The N-power component was designed to assist young Nigerians between the ages of 18 and 35 to acquire and develop life-long skills for becoming change makers in their communities and players in the domestic and global markets. They earn a monthly stipend of N30, 000.

On its part, the Conditional Cash Transfer (CCT) programme directly supports those within the lowest poverty bracket, by improving nutrition, increasing household consumption and supporting the development of human capital through cash benefits to various categories of the poor and vulnerable. The support is conditioned on fulfilling soft and hard co-responsibilities that enable recipients improve their standard of living.

Also in the bouquet is the Government Enterprise and Empowerment Programme (GEEP), a micro-lending intervention that targets traders, artisans, enterprising youth, farmers and women in particular, by providing loans between 10,000 and 100,000 at no monthly cost to beneficiaries.

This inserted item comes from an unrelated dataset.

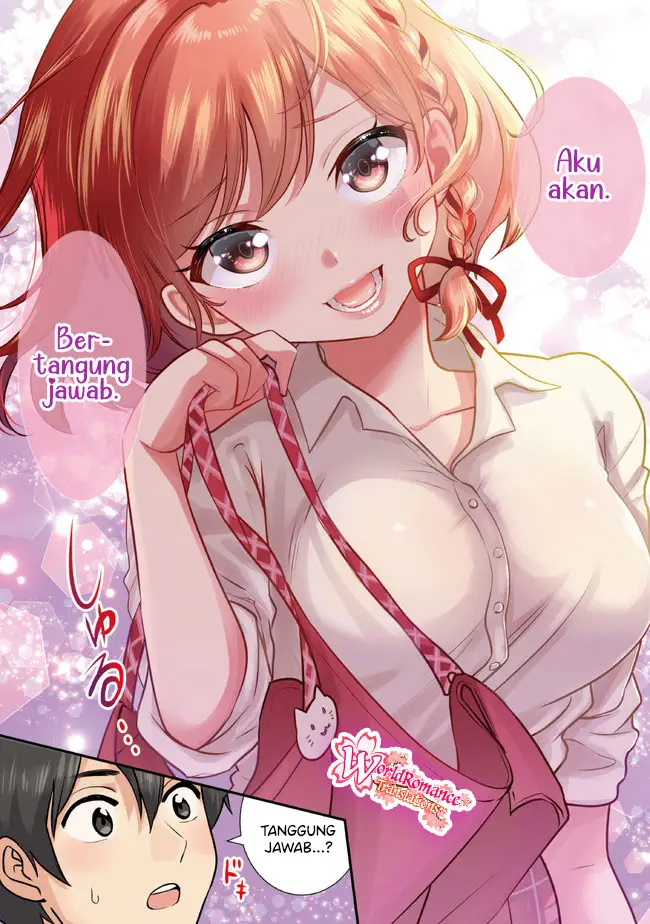 Kurasu no Daikirai na Joshi to Kekkon Suru Koto ni Natta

In April 2019 just before the Modified Home Grown School Feeding Programme saga, the National Assembly finally launched a vitriol against some aspects of social investments programme.

Two weeks after the National Assembly criticism of the scheme, the First Lady, Aisha Buhari, had carpeted the NSIPs, describing it as a failure, especially in the Northern part of the country.
In launching a solo attack, which savaged the image of the initiative in May 2019, during an interactive programme for women at the State House, Abuja, Mrs. Buhari said even though the Senior Special Assistant to the President on Social Investment Programme (SIP), Mrs. Maryam Uwais, who manages the programme is from Kano State, the programme has failed in the state.

The first lady, who queried how N500billion budgeted for the programme was being spent, alleged that the conditional cash transfer arm of the programme was not reaching the target audience, adding that an aide of her husband deceived her that 30, 000 women in Adamawa State would benefit from N10, 000. That, she said, had remained a farce as the promise is yet to be fulfilled.